An exact copy is the goal: every line from the one containing "Auburn Team Spirit" to the end of the material below, pictures excluded.

SUPPLIED MATERIAL:
━━━━

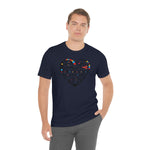 Friends Heart-Unisex Jersey Short Sleeve Tee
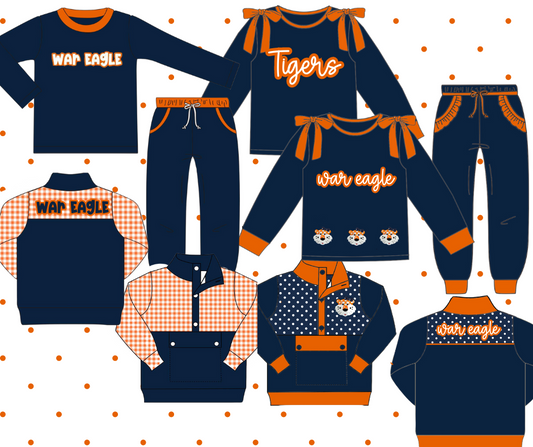 Auburn Team Spirit Collection (PREORDER ETA JANUARY)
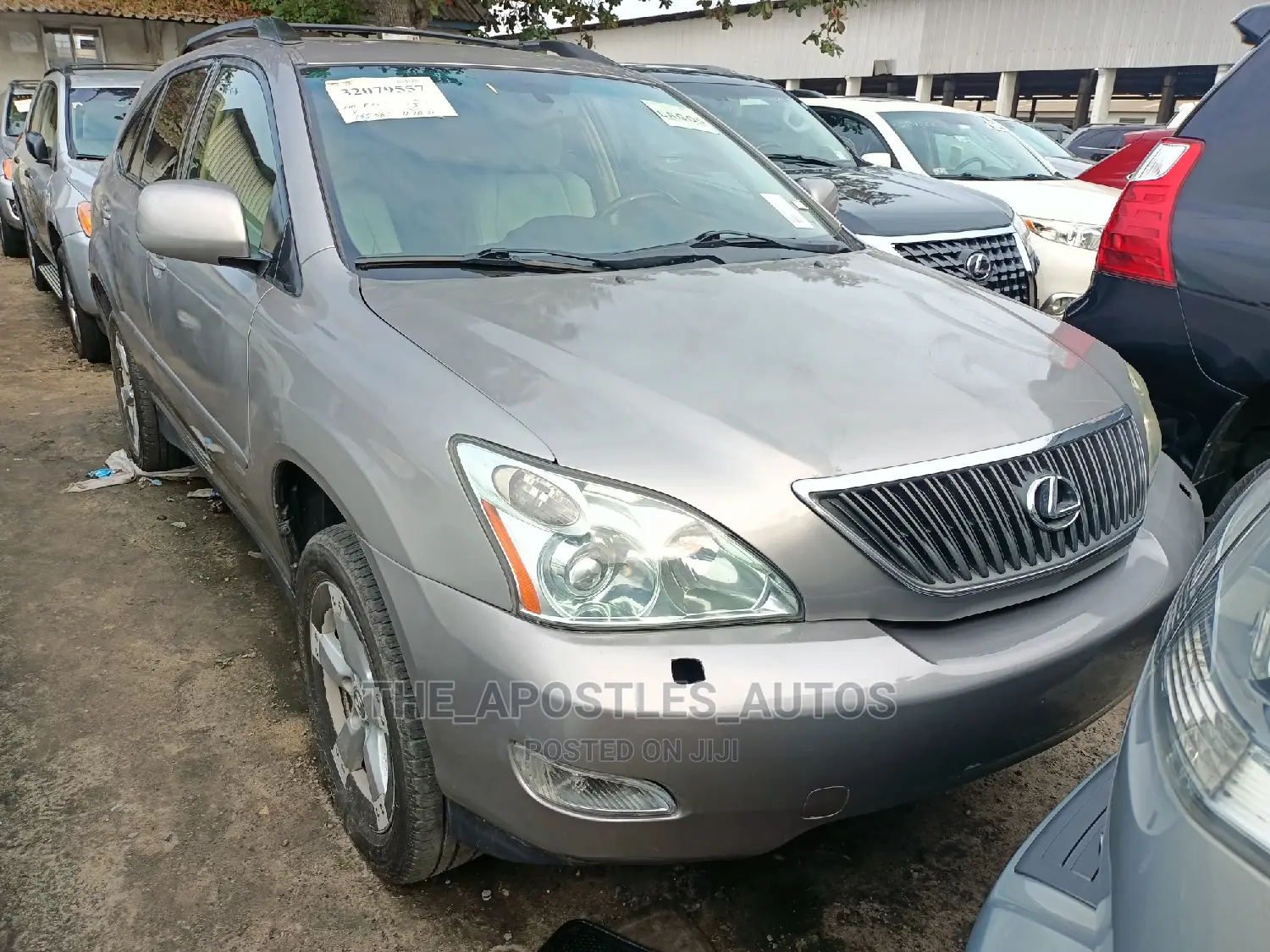 Lexus RX 330 2006 Gray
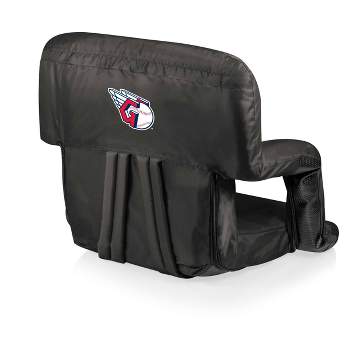 MLB Cleveland Guardians Ventura Portable Reclining Stadium Seat - Black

━━━━

YOUR SOLUTION:
 Auburn Team Spirit Collection (PREORDER ETA JANUARY)
 Lexus RX 330 2006 Gray
 MLB Cleveland Guardians Ventura Portable Reclining Stadium Seat - Black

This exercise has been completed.